Meu Diário
15/09/2013 00h01
AFABILIDADE

            Li uma história que não sei bem citar aonde. Falava de uma pessoa que tinha um amigo e se desenvolveram, cada um por seu lado. Certa vez o amigo que teve um bom desenvolvimento... Ah! Lembrei agora, vou atrás do livro e transcrever a história, fica mais fidedigno o que quero considerar.

            Encontrei no livro PONTOS E CONTOS, psicografia de Chico Xavier pelo espírito Irmão X no capítulo 40, “Olá, meu irmão!”. Dizia assim literalmente:

            A disposição amiga – acentuava Cipriano Neto – é o verdadeiro tônico espiritual. Não raro, envenenamos o coração, à força de insistir na máscara sombria. Má catadura é moléstia perigosa, porquanto as enfermidades não se circunscrevem ao corpo físico. Quantos negócios de muletas, quantas atividades nobres interrompidas, em virtude do mau humor dos responsáveis? Claro que ninguém se deixe absorver pelos malandros de esquina, mas o respeito e a afabilidade para com as criaturas honestas, seja onde for, constituem alguma coisa de sagrado, que não esqueceremos sem ferir a nós mesmos.

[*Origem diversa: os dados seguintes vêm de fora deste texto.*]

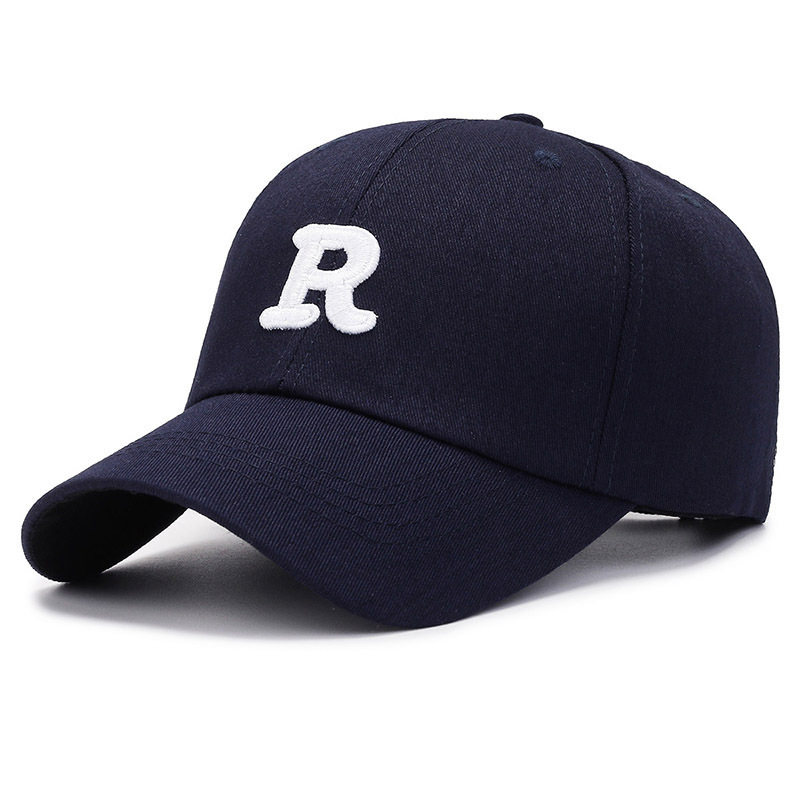 R standard big head round baseball cap men and women's new face small Korean version of hard top short edge cap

            À frente da pequena assembleia, toda ouvidos, Cipriano, com a graça de sua privilegiada inteligência, continuou após leve pausa:

            - Na terra o preconceito fala muito alto, abafando vozes sublimes da realidade superior. Nesse capítulo, tenho a minha experiência pessoal bastante significativa.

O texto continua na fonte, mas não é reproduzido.